─── DATASET CONTENT

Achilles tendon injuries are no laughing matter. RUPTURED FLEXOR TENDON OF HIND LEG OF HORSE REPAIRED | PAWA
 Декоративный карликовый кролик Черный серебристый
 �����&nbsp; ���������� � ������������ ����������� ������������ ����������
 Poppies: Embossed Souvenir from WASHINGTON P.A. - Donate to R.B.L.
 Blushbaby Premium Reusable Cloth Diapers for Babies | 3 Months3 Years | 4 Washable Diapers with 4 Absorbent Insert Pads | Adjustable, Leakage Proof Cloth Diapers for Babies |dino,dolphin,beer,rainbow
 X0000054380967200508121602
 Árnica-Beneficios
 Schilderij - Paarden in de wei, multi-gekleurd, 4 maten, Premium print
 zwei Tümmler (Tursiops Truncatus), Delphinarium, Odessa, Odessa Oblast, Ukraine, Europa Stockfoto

──────

Your answer must consist only of the lines from the one containing "Декоративный карликовый кролик" through the last line of the data above, both included, exactly as written.

 Декоративный карликовый кролик Черный серебристый
 �����&nbsp; ���������� � ������������ ����������� ������������ ����������
 Poppies: Embossed Souvenir from WASHINGTON P.A. - Donate to R.B.L.
 Blushbaby Premium Reusable Cloth Diapers for Babies | 3 Months3 Years | 4 Washable Diapers with 4 Absorbent Insert Pads | Adjustable, Leakage Proof Cloth Diapers for Babies |dino,dolphin,beer,rainbow
 X0000054380967200508121602
 Árnica-Beneficios
 Schilderij - Paarden in de wei, multi-gekleurd, 4 maten, Premium print
 zwei Tümmler (Tursiops Truncatus), Delphinarium, Odessa, Odessa Oblast, Ukraine, Europa Stockfoto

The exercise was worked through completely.